= Markus Bär Friedenthal =

German banker (1779–1859)

Markus Bär Friedenthal (born 23 June 1779, Groß Glogau — 3/8 December 1859, Breslau) was a German Jewish banker and scholar.

Although one of the leading bankers at Breslau, he devoted much time to study and to communal affairs. His special interest lay in the field of religious philosophy and dogma, which he treated rather in an apologetic than in a purely scientific manner.

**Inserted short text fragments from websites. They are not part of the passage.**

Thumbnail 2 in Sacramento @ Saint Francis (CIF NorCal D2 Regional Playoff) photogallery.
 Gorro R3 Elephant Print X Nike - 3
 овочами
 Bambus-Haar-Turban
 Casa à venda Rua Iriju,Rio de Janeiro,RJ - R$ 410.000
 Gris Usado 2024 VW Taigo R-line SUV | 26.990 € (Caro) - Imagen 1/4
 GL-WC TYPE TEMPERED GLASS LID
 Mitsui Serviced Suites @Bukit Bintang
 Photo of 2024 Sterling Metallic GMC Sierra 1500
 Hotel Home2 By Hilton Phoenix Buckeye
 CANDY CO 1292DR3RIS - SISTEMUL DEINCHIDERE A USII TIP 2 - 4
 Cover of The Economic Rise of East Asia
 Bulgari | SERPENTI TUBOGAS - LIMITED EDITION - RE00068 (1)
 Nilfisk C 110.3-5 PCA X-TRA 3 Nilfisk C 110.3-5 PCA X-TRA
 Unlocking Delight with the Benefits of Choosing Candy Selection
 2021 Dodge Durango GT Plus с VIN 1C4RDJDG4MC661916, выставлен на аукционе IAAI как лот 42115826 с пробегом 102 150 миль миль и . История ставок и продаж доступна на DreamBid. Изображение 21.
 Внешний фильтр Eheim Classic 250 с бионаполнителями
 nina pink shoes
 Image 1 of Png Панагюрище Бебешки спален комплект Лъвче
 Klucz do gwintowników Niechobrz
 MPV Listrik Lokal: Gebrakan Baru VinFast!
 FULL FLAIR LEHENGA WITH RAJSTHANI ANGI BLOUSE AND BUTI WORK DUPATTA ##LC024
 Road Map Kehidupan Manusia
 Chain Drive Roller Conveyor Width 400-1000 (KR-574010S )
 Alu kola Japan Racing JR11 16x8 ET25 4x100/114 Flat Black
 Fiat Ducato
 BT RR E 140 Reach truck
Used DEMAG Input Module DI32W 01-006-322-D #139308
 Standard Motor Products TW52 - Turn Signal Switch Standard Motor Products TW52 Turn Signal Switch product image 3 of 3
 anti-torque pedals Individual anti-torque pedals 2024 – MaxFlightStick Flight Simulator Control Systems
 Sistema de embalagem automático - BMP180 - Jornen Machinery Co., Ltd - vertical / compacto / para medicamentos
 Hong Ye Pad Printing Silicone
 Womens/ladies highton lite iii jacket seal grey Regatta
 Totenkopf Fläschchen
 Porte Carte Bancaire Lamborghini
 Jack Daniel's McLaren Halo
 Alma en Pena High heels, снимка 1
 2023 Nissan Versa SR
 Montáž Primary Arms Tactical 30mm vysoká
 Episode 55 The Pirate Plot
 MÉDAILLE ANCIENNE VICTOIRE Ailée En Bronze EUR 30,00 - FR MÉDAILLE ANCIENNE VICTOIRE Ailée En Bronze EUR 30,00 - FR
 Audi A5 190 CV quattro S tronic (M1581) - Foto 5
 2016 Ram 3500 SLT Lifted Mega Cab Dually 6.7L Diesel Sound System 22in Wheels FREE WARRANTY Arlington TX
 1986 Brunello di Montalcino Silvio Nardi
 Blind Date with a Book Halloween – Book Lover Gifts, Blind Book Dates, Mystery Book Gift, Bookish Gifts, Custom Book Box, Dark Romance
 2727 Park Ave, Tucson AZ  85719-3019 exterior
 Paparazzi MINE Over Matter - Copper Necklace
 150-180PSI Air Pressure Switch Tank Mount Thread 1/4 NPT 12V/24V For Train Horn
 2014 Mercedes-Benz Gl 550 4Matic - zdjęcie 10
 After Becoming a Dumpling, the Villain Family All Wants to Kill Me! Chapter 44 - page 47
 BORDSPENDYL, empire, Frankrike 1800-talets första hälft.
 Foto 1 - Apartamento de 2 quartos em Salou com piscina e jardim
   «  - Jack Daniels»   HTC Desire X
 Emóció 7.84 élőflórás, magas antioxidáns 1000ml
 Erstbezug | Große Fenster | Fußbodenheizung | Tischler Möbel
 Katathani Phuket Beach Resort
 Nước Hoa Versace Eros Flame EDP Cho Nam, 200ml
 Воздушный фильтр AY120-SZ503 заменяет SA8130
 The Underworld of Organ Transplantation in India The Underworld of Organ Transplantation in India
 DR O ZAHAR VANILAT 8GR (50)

His works nevertheless revealed great sagacity, and had the merit, coming as they did from a conservative, of opening to the Talmudists the field of modern critical studies.

== Literary works ==
- Iḳḳare Emunah, on the dogmas of Jewish religion, proving that Mosaism is in accordance with the aims of humanity (Breslau, 3 vols., 1816-1818);
- Yesod ha-Dat, a characterization of Jewish law (ib. 7 vols., 1821-23)
- Mishpaṭ ha-Aḥizah we-Mishpaṭ ha-Zekiyyah, on the law of property, a summary of the preceding work (ib. 1838)
- Miktab le-Ḥakme Yisrael, an open letter to Jewish scholars concerning Jewish dogmas (ib. 1825)
- Ma'amar Mordekai, a defense of the institutions of the great synagogue at Breslau, with notes on the use and form of the prayers (ib. 1834);
- Ha-Ḥokmah, ha-Tebunah, weha-Dat, on intelligence, comprehension, and religion, in 4 parts (ib. 1843-46)

Several of these works were translated into German by J. R. Fürstenthal and by Wilhelm Freund. Friedenthal was also the author of many pamphlets written in German, dealing with the communal affairs of Breslau.